- _Data_
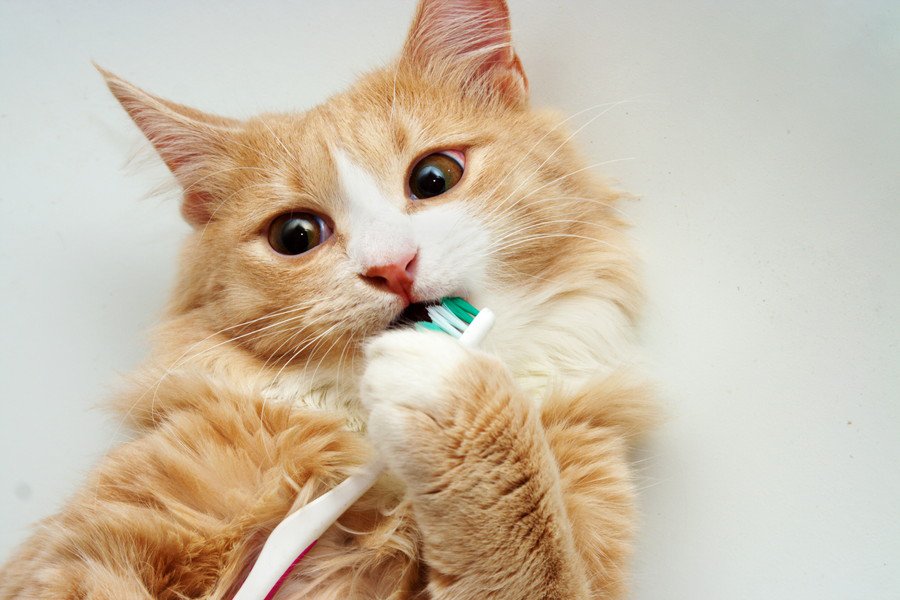 猫ちゃんのお口トラブル、こんな症状には要注意！習慣付けたい予防法まで【現役獣医が解説】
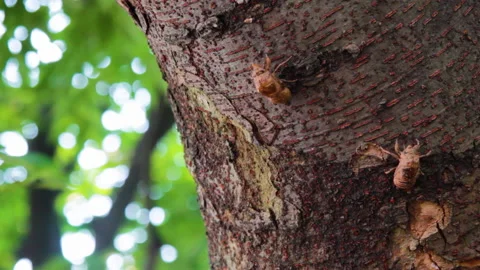 The remains of a small cicada exoskeleton hanging off of a tree trunk Stock Footage 134434119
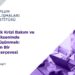Toplum Çalışmaları Enstitüsü’nden gelecek 5 yıl için kritik öngörü: Türkiye’de doğurganlık hızı neden düşüyor?
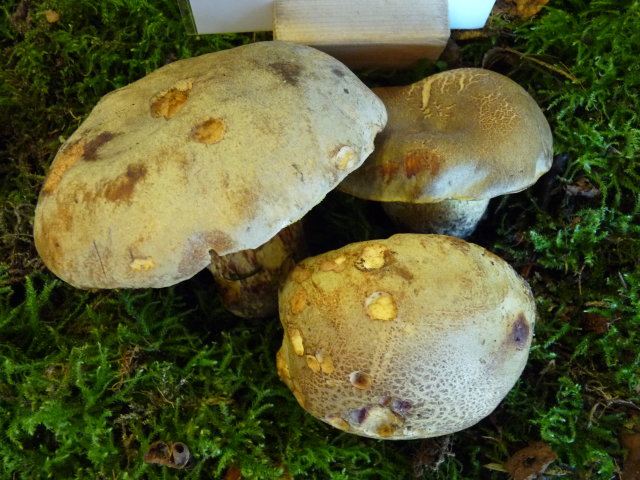 Bolet dépoli - Boletus impolitus (2)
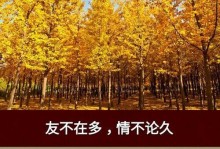 付出与收获（一颗种子的成长之路）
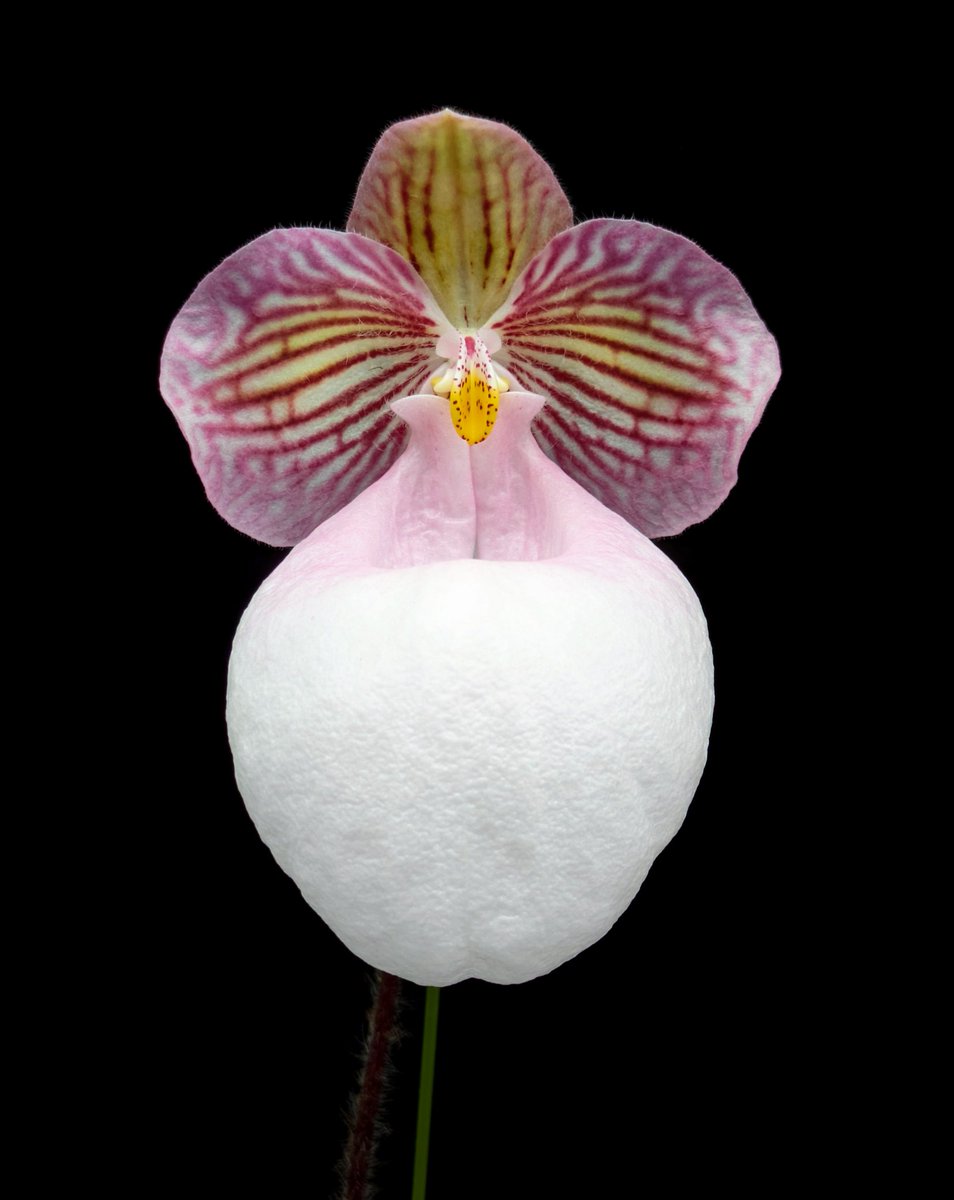 purewater_masa's tweet image. リップが特に大きなエバニウムタイプのミクランサム✨️リップだけで幅6.3cm×長さ9.0cm有ります。
ボリュームがあるので見応えあり💡
楽しみな個体です❗️
#ご蘭なさい 
#洋らん 
#orchid 
#Paphiopedilum
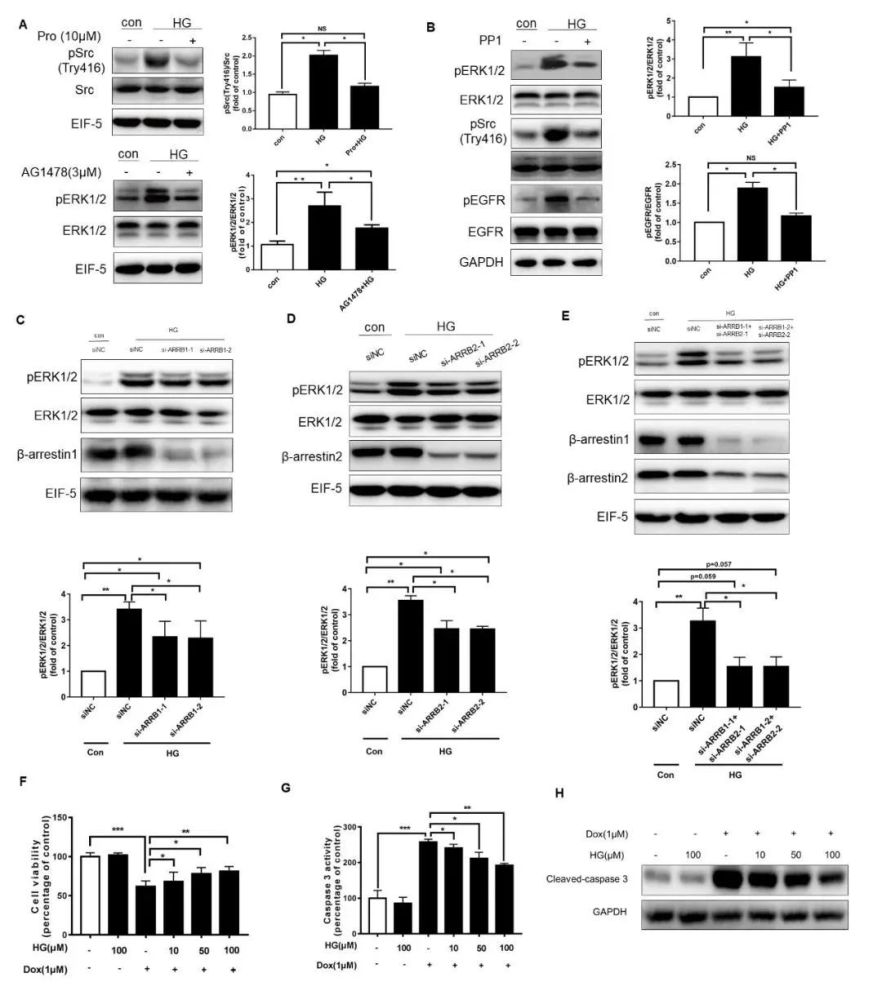 李子健课题组朱海波课题组合作揭示新型β受体激动剂去甲乌药碱偏向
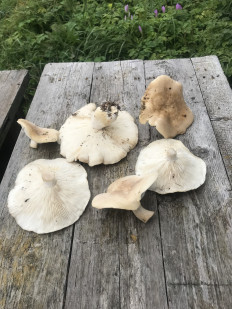 Гриб из Ярославская область, Петровское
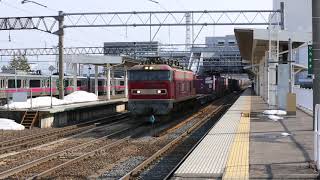 EF510-13JR貨物　弘前駅入線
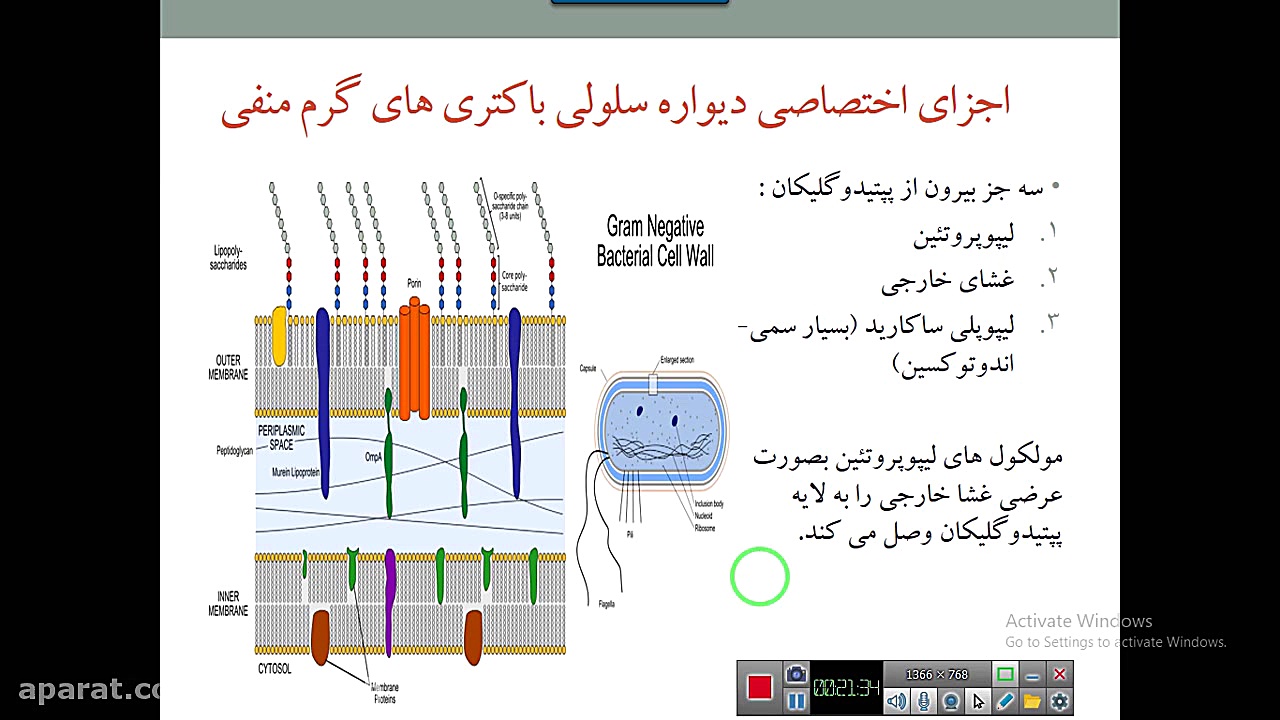 جلسه دوم-میکروبیولوژی پلاسماجت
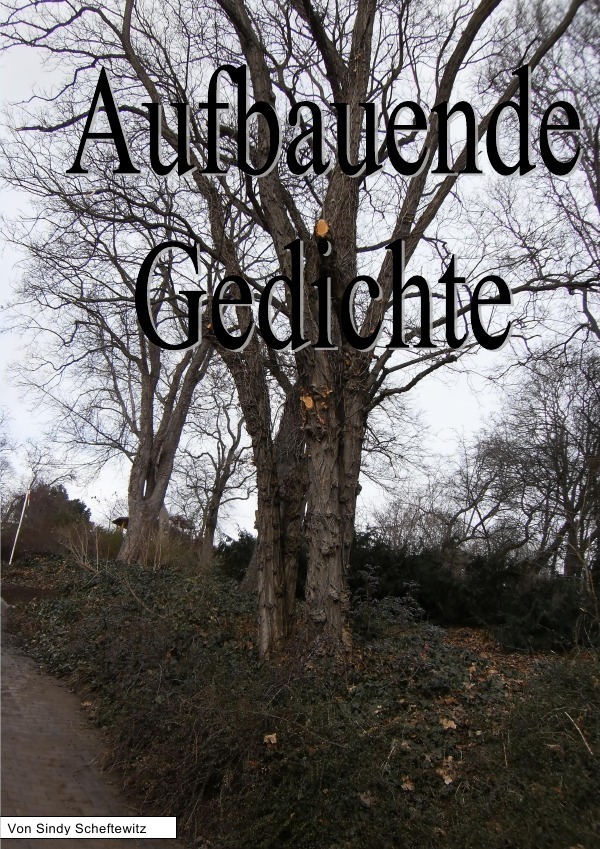 Cover: 9783844209334 | Aufbauende Gedichte | Gedichte | Sindy Scheftewitz | Taschenbuch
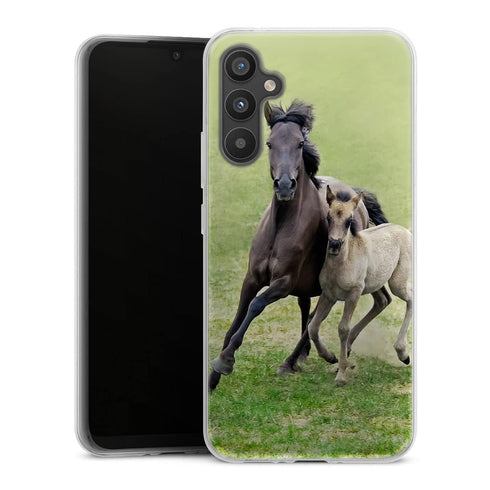 Coque Samsung Galaxy A34 5G Horses, Wild Duelmener ponies, mare and foal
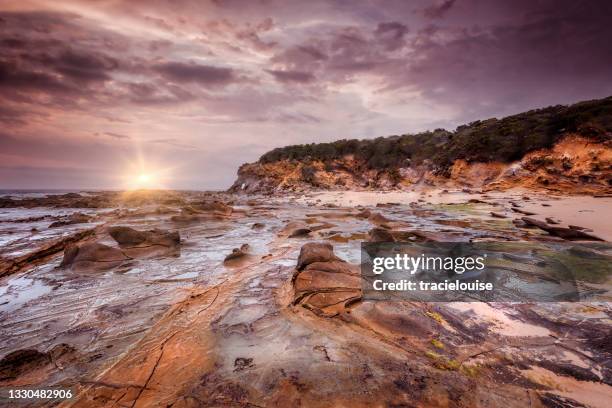 kilcunda vorland - gippsland stock-fotos und bilder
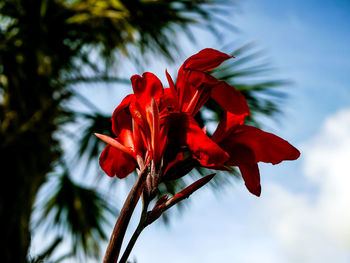 Low angle view of red flowering plant against sky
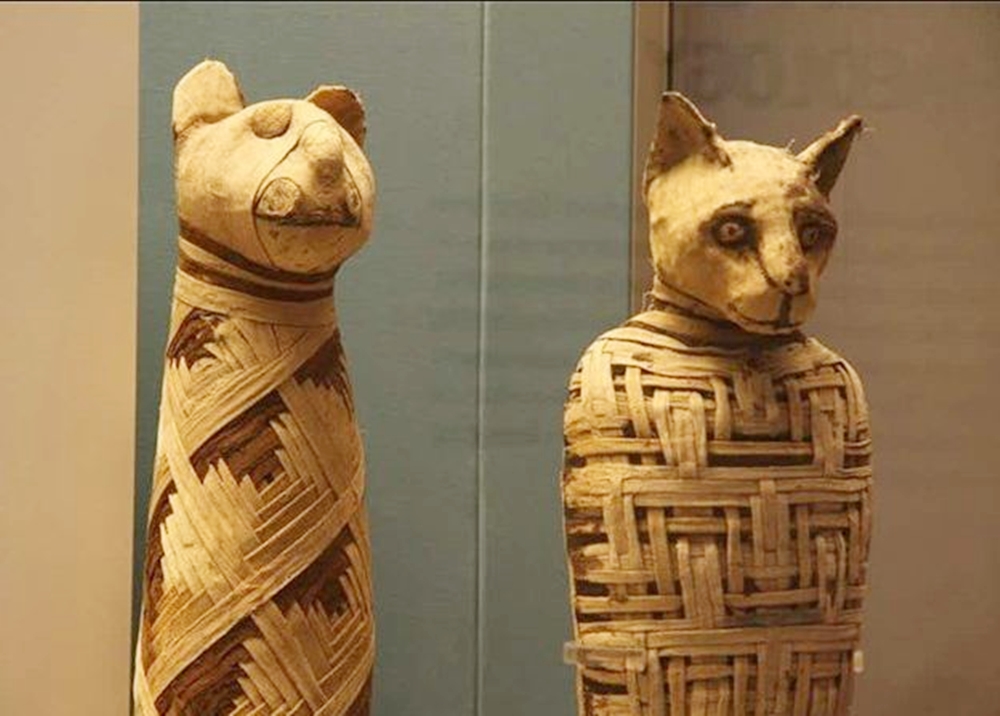 Xác ướp mèo được tìm thấy trong nhiều ngôi mộ ở Ai Cập. Ảnh: History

- _Exercise instructions_
From the opening line of the entries above to the line containing "付出与收获（一颗种子的成长之路）", please transcribe each line exactly, skipping every picture.

- _Output of the task_
 猫ちゃんのお口トラブル、こんな症状には要注意！習慣付けたい予防法まで【現役獣医が解説】
 The remains of a small cicada exoskeleton hanging off of a tree trunk Stock Footage 134434119
Toplum Çalışmaları Enstitüsü’nden gelecek 5 yıl için kritik öngörü: Türkiye’de doğurganlık hızı neden düşüyor?
 Bolet dépoli - Boletus impolitus (2)
 付出与收获（一颗种子的成长之路）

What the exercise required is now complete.